While the Marketplace serves as a valuable asset to the community culture of Leimert Park, the local area is jeopardized as the city of Leimert Park attempts to reclaim the area the Farmer’s Market resides in. One of the biggest challenges for residents and business owners in Leimert Park is gentrification. As the price for living increases, it directly impacts the people and businesses that rely on their community for income.
By viewing recent estate listings in the Leimert Park area, the previous appeal of affordable housing is starting to become a point of contention for locals. According to Redfin, “In February 2022, Leimert Park home prices were up 21.0% compared to last year, selling for a median price of $1.1M.” However, the unrealistic price tag for housing in Leimert Park isn’t the only thing being affected by the gentrification of South Central Los Angeles.
Major architectural advancements are not only affecting residents, but are also clashing with local businesses and notable districts in the area. One example of this would be the creation of the Crenshaw Metro line, as it threatens spaces that are occupied by vendors and merchants. When asked about community dynamics, Brown mentioned the area of the Marketplace and some of its current complications.
“I mean Degnan and 43rd place, so I’m assuming that because the railway is coming and this new building is being refurbished behind us in that parking lot, that there’s going to be some money put into the neighborhood. And so I don’t know if the look of the marketplace that we’re running is what they want for the future,” she said.
The matter of location and occupancy is leaving the vendors and merchants of the African Drum Circle and Marketplace with very little to work with. As the city persists in their attempts to clear Degnan and 43rd place to make space for the Metro, levels of concern slowly start to rise as vendors question the possible alternative for business locations.

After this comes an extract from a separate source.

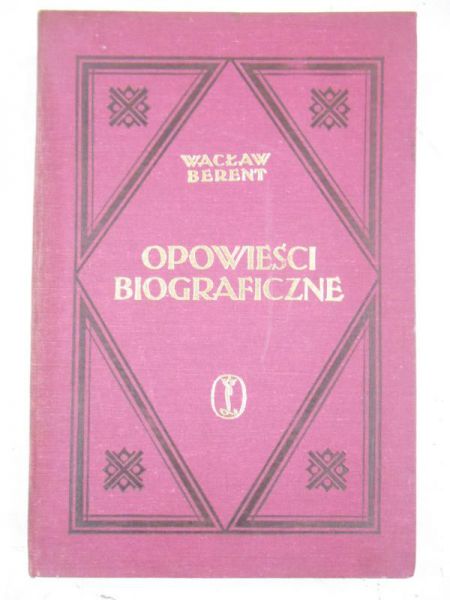 Opowieści biograficzne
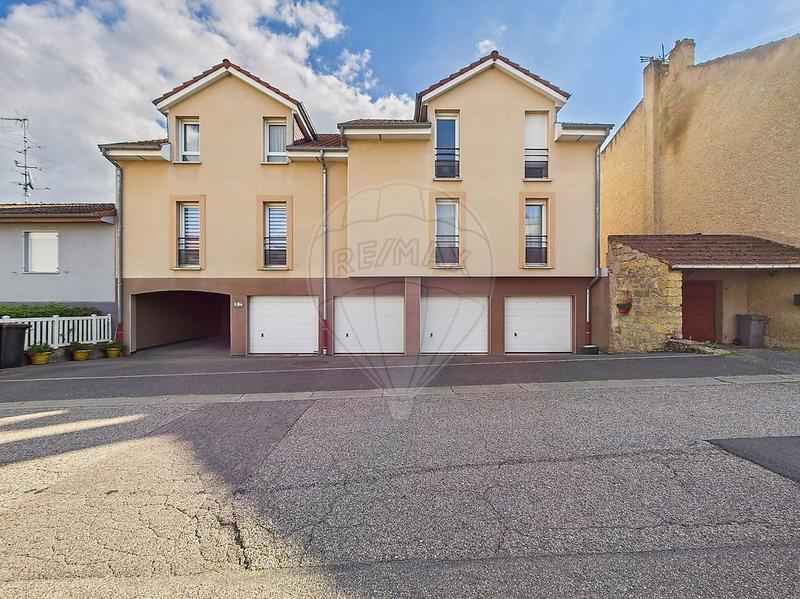 Appartement - 76 m² - 3 pièces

“It can be frustrating to see that there’s like an us versus them mentality with the merchants and vendors because we’re all one you know, in my eyes, we’re all one. And a lot of people feel that way but it is very much so an us versus them mentality sometimes when dealing with like larger events and who’s going to be the sponsors who’s going to be in control, butting heads, so that it can get difficult and I don’t know that that’s something that’s unique to our area,” Brown expressed.
In some ways, the conflict of the Leimert Park farmer’s market is a form of classism. The people with a higher socioeconomic status within Leimert have more power and property, and feel that they should have the complete control of Leimert Park. However, business owners believe that they should also get a say, considering that they are the ones that are there every Sunday, selling their products and appealing to the citizens of the area. Brown shared one final message for the city to consider.
“These people that are representing city, they don’t come down there and I think that if they came down there to see how we connect with each other, how we really are inspiring each other, how we really are pouring into each other, that they might understand what we are experiencing, what we’re afraid to lose,” she declared.